Avogadro's Number - Counting Atoms by the Dozen (or by the Mole)

1. When doing reactions chemists need to count atoms and molecules. The problem of actually counting individual atoms and molecules comes from the fact that they are so small. Instead of physically counting each one we can measure the mass of a large group of them. If we know the mass of just one atom or molecule then we can figure out how many we have.
2. Because we will always be dealing with groups of atoms and molecules it would be convenient to give a name to a certain number of them. Just as we can talk about groups of objects like a dozen (12) eggs or a gross (144) of pencils, we need a unit for a large number of atoms or molecules. This unit is the mole.
3. 1 mole = 6.02 x 10²³. This is also known as Avogadro's number, in honor of his contributions toward the development of atom counting experiments and theories.
4. The atomic mass from the periodic table tells you how many grams of that element is needed to have a mole of those atoms.
   1. One mole of carbon atoms has a mass of 12.01g.
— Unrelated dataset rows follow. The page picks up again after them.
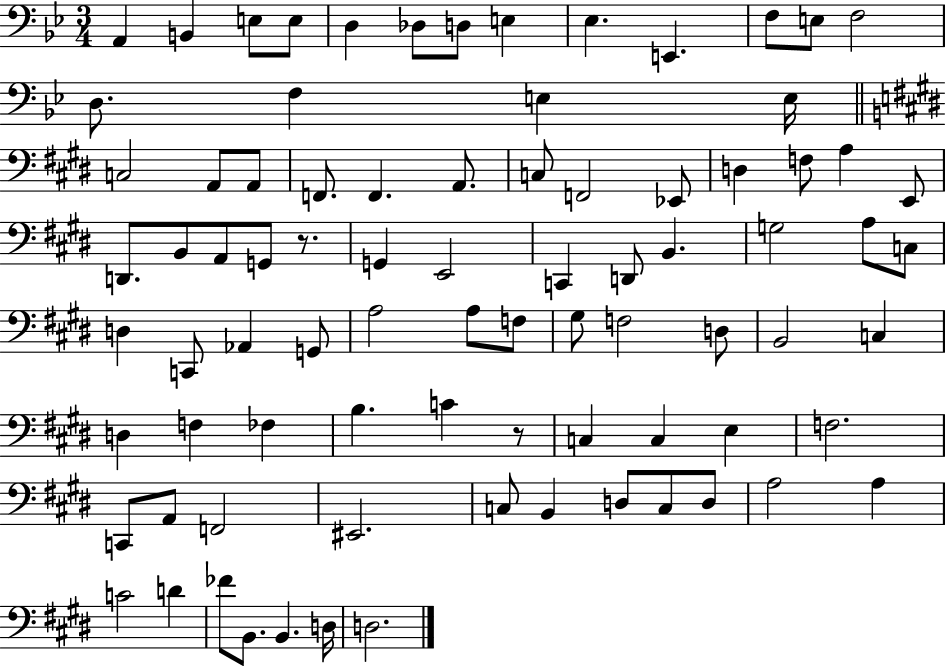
{
  \clef bass
  \numericTimeSignature
  \time 3/4
  \key bes \major
  a,4 b,4 e8 e8 | d4 des8 d8 e4 | ees4. e,4. | f8 e8 f2 | \break d8. f4 e4 e16 | \bar "||" \break \key e \major c2 a,8 a,8 | f,8. f,4. a,8. | c8 f,2 ees,8 | d4 f8 a4 e,8 | \break d,8. b,8 a,8 g,8 r8. | g,4 e,2 | c,4 d,8 b,4. | g2 a8 c8 | \break d4 c,8 aes,4 g,8 | a2 a8 f8 | gis8 f2 d8 | b,2 c4 | \break d4 f4 fes4 | b4. c'4 r8 | c4 c4 e4 | f2. | \break c,8 a,8 f,2 | eis,2. | c8 b,4 d8 c8 d8 | a2 a4 | \break c'2 d'4 | fes'8 b,8. b,4. d16 | d2. | \bar "|."
} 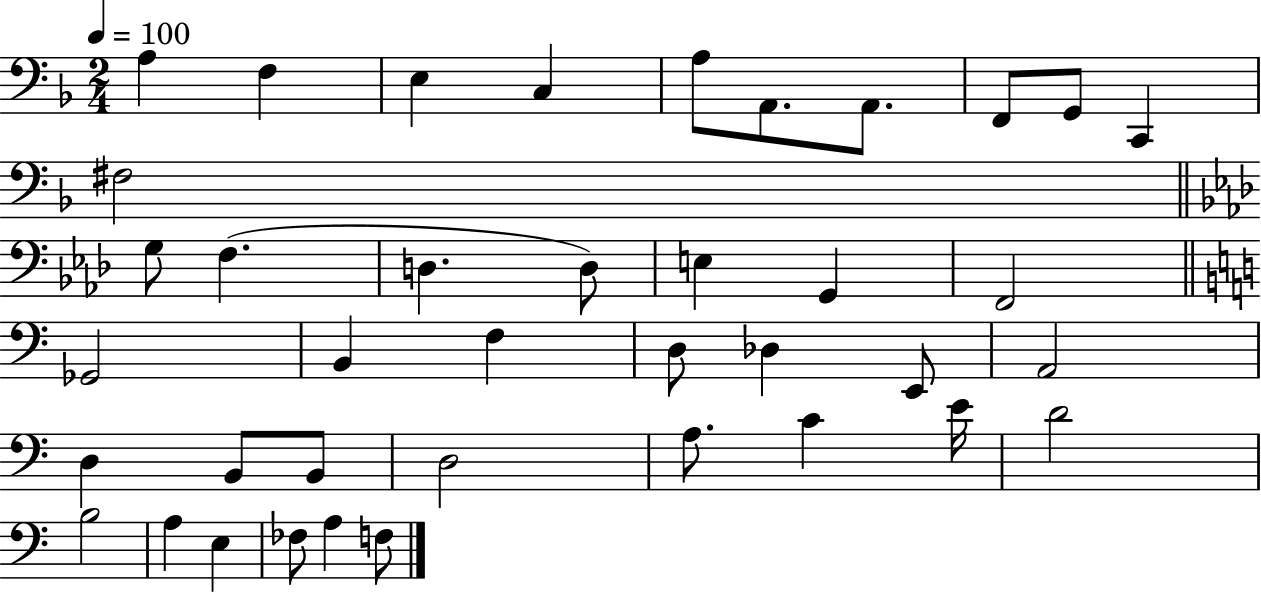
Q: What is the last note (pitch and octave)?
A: F3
For conversions between moles and grams: 1 mol = 12.01g
   2. One mole of helium atoms has a mass of 4.003g. For conversions between moles and grams: 1 mol = 4.003g
   3. One water molecule is made from two hydrogen atoms and one oxygen atom, so one mole of water molecules has a mass equal to two moles of hydrogen atoms and one mole of oxygen atoms. For conversions between moles and grams: 1 mol = 18.02g
      

      The formula for water is H2O, so a mole of water means a mole of these -->		2 x 1.008g = 2.016g 1 x 16.00g = 16.00g
      			18.02g

5. Practice Conversions:
   

   What is the mass of 2.60 moles of Carbon (C)?	What is the mass of 5.62 moles of oxygen (O2)?
   How many moles of carbon dioxide (CO2) do you have if you have 22.00g of it?	How many moles of butane (C4H10) are in a typical light containing 25.0g of the liquid?